2. Peter descubre en la cama a Lois y Bill Clinton. Ella, luego de pedirle disculpas, le dice que se debe acostar con otra para quedar a mano. Peter acepta, pero la mujer que elige es su suegra. Pese a no estar muy de acuerdo, Lois organiza la fantasía de Peter, convenciendo a su madre de participar en el enredo. Lois los deja solos y, cuando está a punto de salir de la casa, Peter la alcanza y le dice que no puede hacer el amor con nadie más que con ella, asegurándole que su infidelidad ha sido perdonada. El episodio finaliza mostrando a Bill Clinton y Peter en la cama; éste último dice: “Realmente eres bueno”. El giro ácido profana los valores inculcados y defendidos por el “establishment”, además de sacar ronchas a los moralistas, homofóbicos y demás; no obstante, es incapaz de amargar la dulzura del hogar ni corroer los cimientos del matrimonio.

Pese a que, en distintos grados, “Married with children” y las dos series animadas ofrecen una visión crítica respecto la sociedad estadounidense, jamás ponen en duda el “sueño americano”, sobrevalorado al extremo en sus respectivos argumentos, pues las tres plantean que un hombre inculto, sin educación, sin talento, sin buena apariencia, con un empleo mediocre, puede mantener a su familia sin apoyo económico de la esposa, tener casa propia, auto y todas las comodidades del mundo moderno.
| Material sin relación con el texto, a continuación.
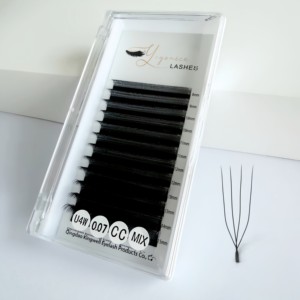 Extensions de cils <span class=keywords><strong>L</strong></span> <span class=keywords><strong>LU</strong></span> M Curl Volume, cils croisés en forme de fleur, cils en <span class=keywords><strong>U</strong></span>, Y, YY, 3D, 4D, 5D, 6D, cils en <span class=keywords><strong>U</strong></span> - Product Image 1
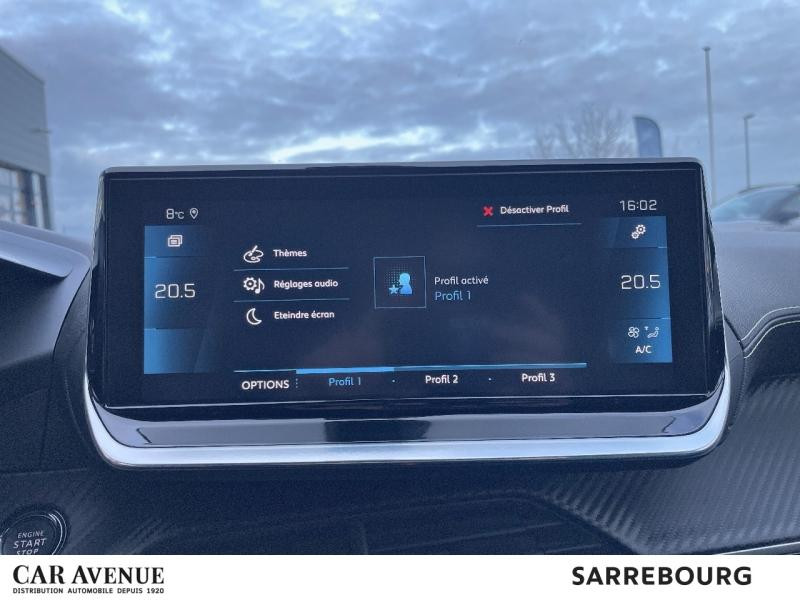 Occasion PEUGEOT 208 1.2 PureTech 100ch S&S GT EAT8 2021 Rouge Elixir (V) 14900 € à Sarrebourg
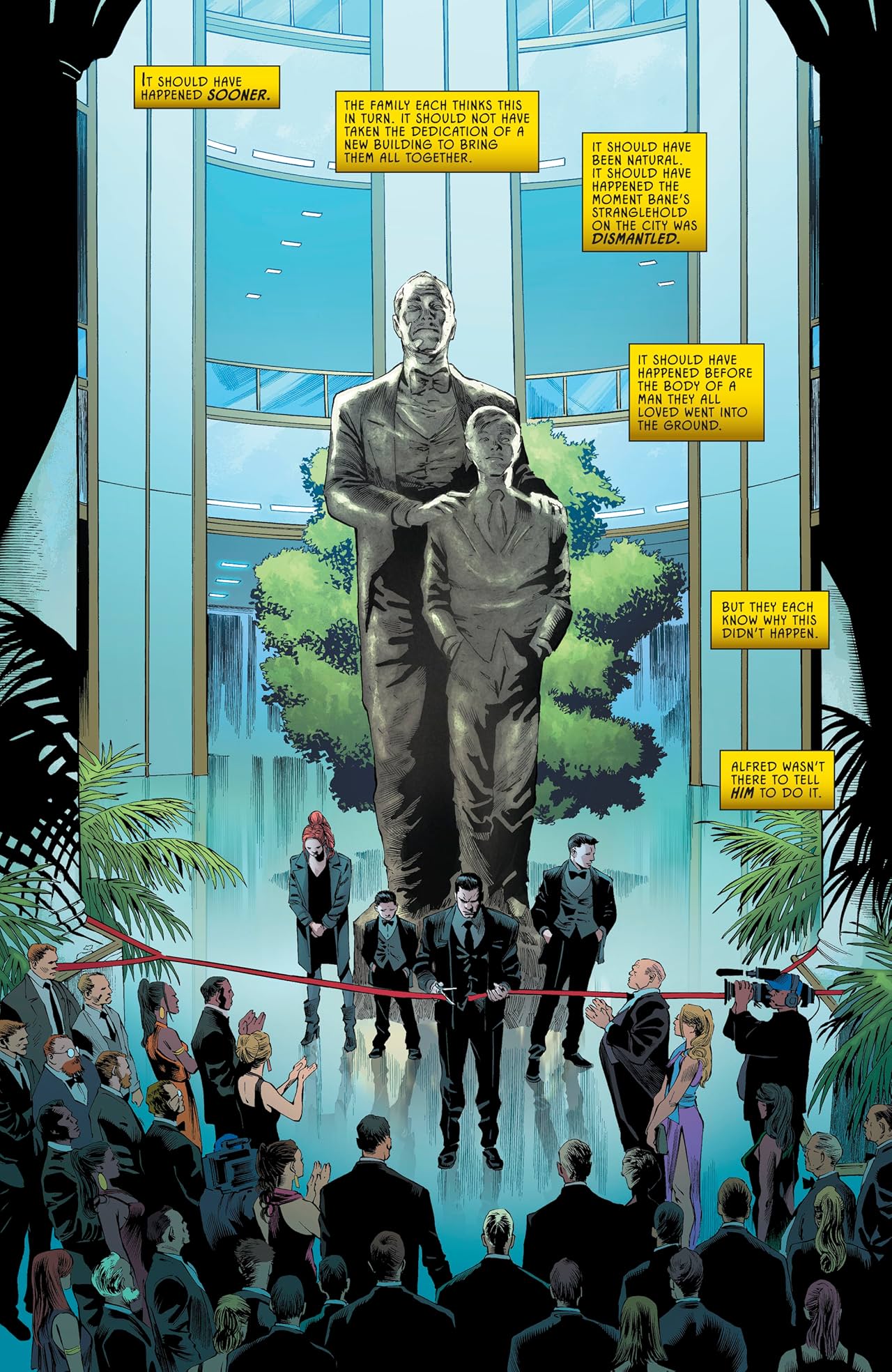 Batman: Pennyworth R.I.P. (2020) #1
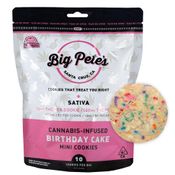 Birthday Cake Cookies 100mg Sativa (10pk)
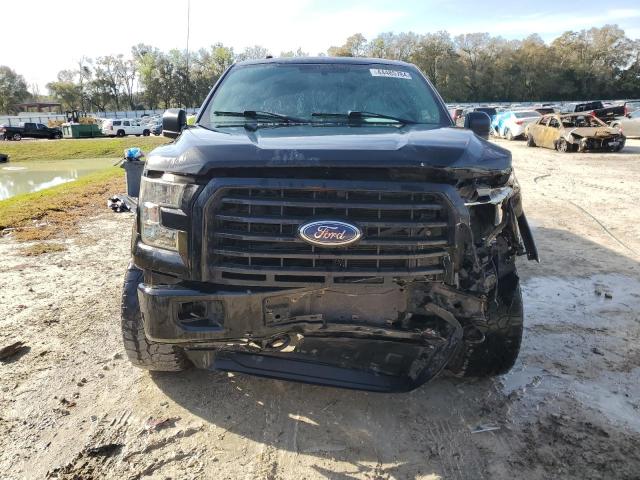 1FTEW1EF4GFD34966 - 2016 FORD F150 SUPERCREW BLACK photo 5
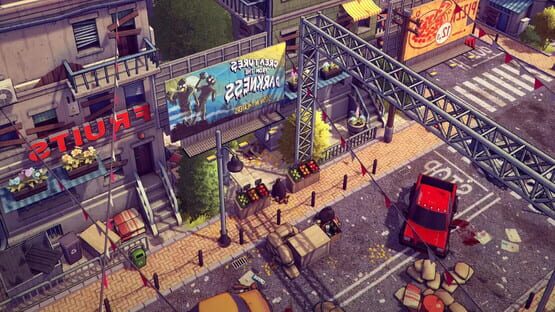 Hidden Post-Apocalyptic 4 Top-Down 3D backdrop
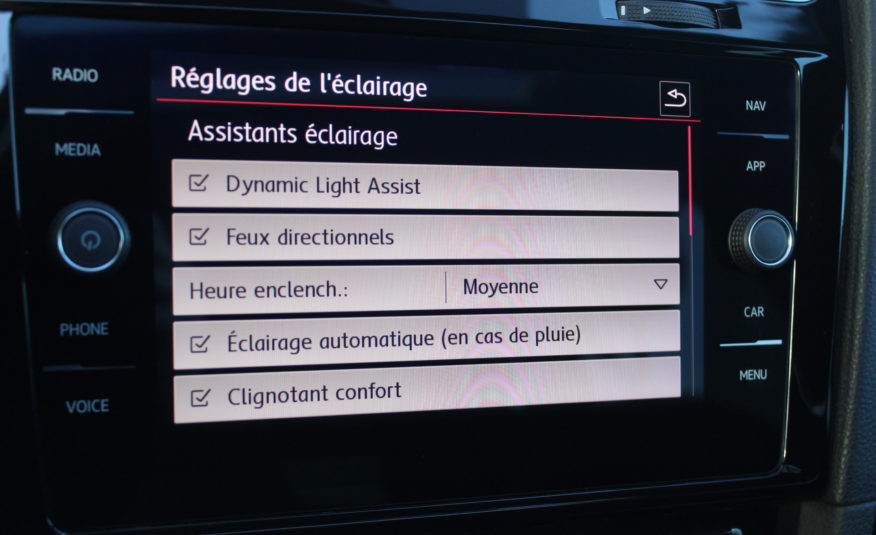 VOLKSWAGEN GOLF GTI 245 PERFORMANCE BV6 VIRTUAL CAMERA PANO DYNAUDIO EXT 02/2023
Así, con amor o sin este, desde la dulzura empachosa de los Ingalls, hasta la acidez corrosiva de los Griffin, la televisión gringa produce enlatados que distribuye en varios países, especialmente en los del tercer mundo, promocionando el “sueño americano” implícito en el “Home sweet home” que reflejan.

Gabriel Arraya, vio todas esas series y, siendo él mejor parecido que Al Bundy, teniendo un título universitario e incluso gran cultura universal, asumió, hace ocho años, que en Norteamérica podría tener las oportunidades que su país natal no le había ofrecido. Allí trabajaría duro hasta pagar la primera cuota de una casa, donde volvería a estar junto con su familia para disfrutar las bondades del “establishment”. A fin de nunca olvidar esa meta, destinó cinco dólares de su primer salario a la compra de un adorno, que en cuatro o cinco años, calculaba, colocaría en el lugar más visible de la sala, ayudado por su esposa, cuando, ya reunidos, tomasen posesión de su nueva casa y el “sueño americano” pasase de lo onírico a lo real.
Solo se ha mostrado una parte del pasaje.